**Data extract**
------------------------

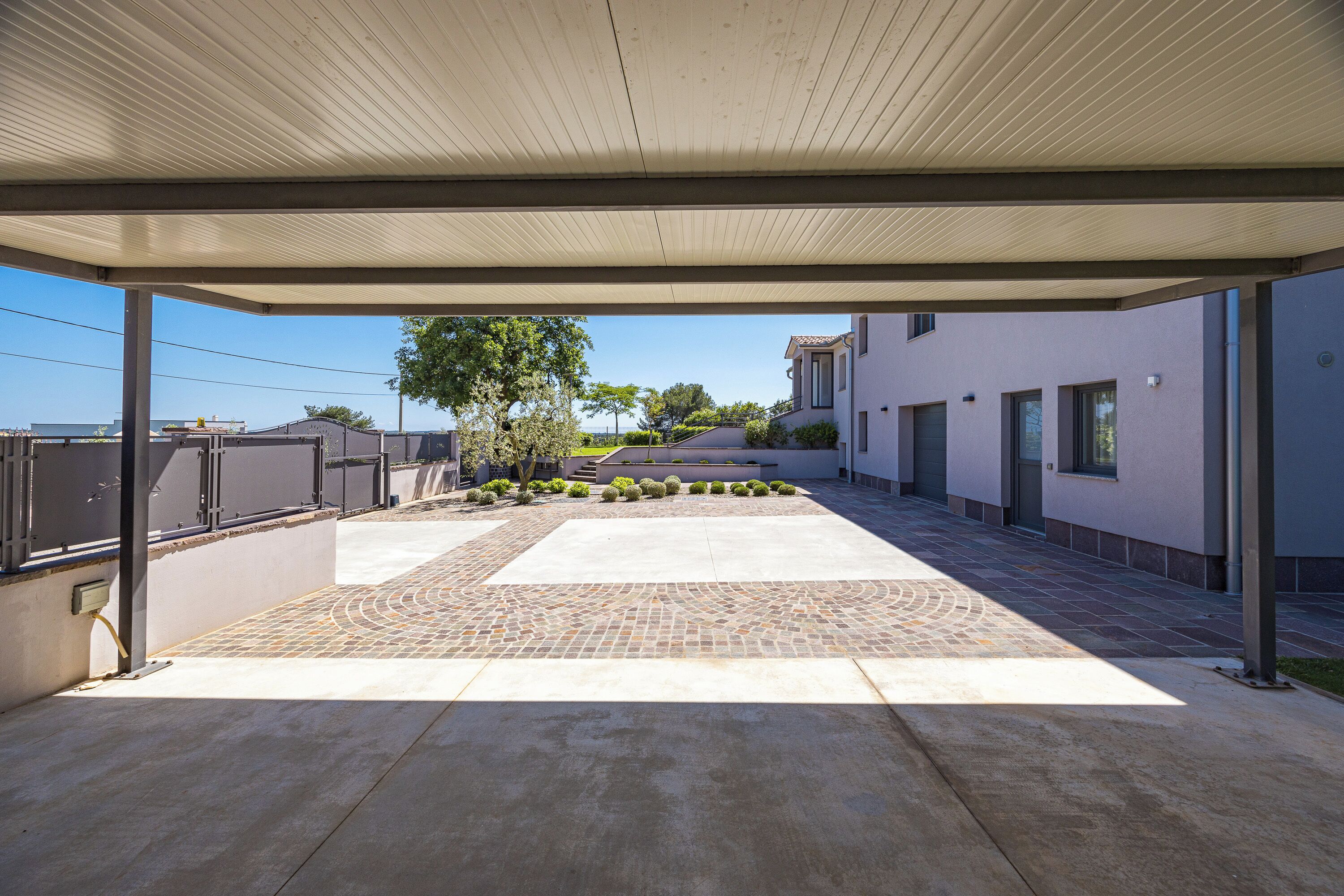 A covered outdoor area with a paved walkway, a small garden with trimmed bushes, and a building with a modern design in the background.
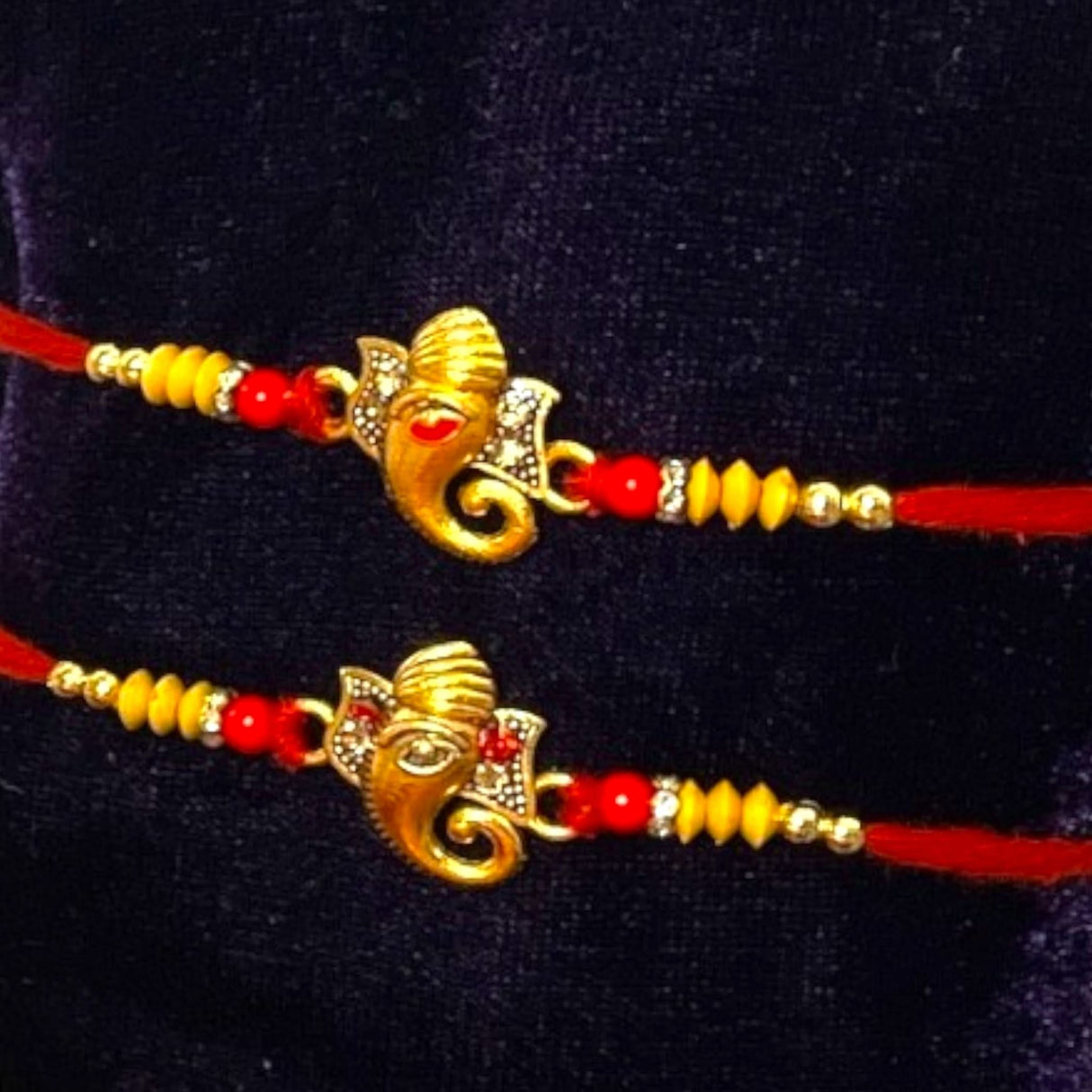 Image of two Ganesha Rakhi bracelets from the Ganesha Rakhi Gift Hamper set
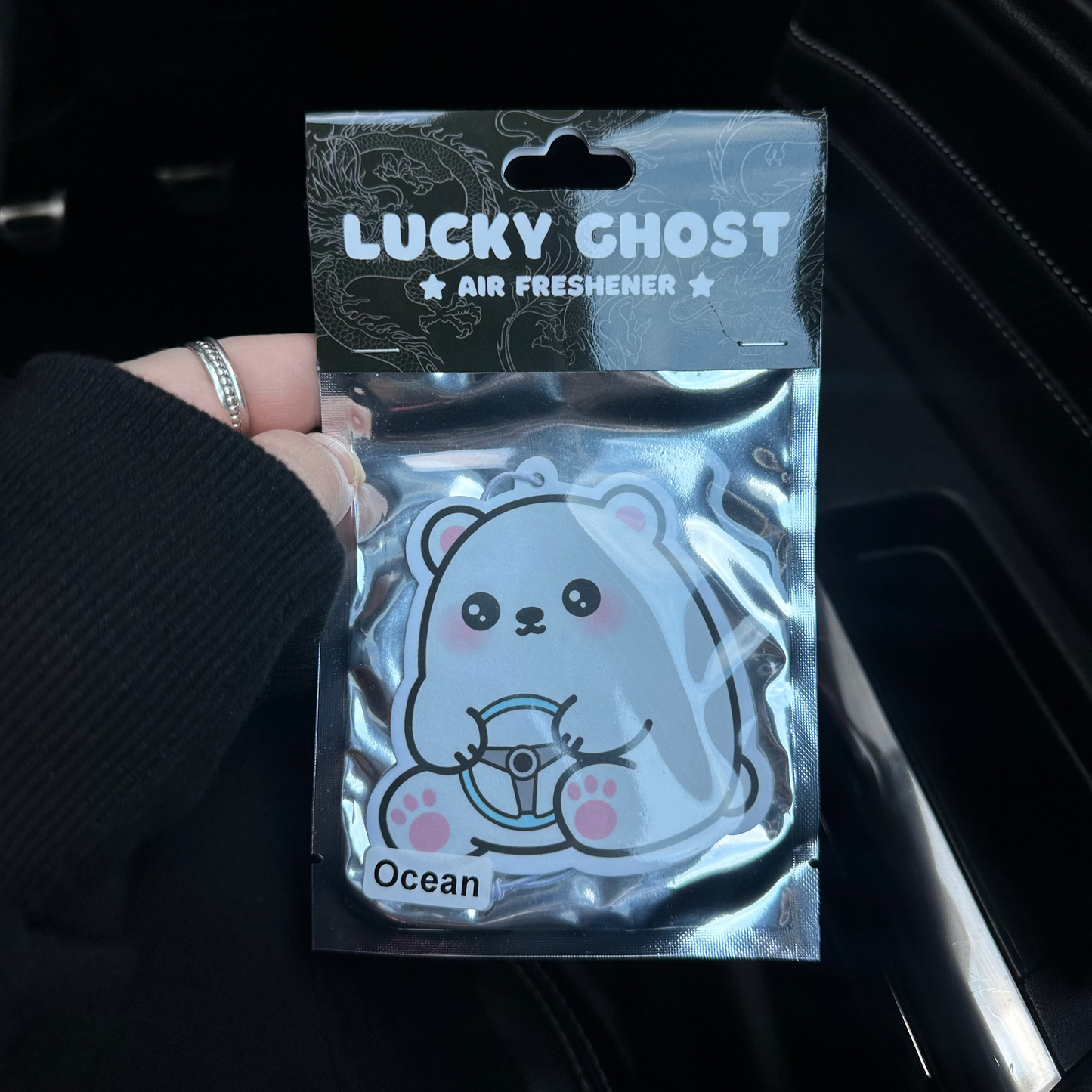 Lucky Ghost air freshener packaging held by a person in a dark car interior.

------------------------

**Work required**
Apart from the pictures, the material above has to be repeated exactly.

**Task response**
 A covered outdoor area with a paved walkway, a small garden with trimmed bushes, and a building with a modern design in the background.
 Image of two Ganesha Rakhi bracelets from the Ganesha Rakhi Gift Hamper set
 Lucky Ghost air freshener packaging held by a person in a dark car interior.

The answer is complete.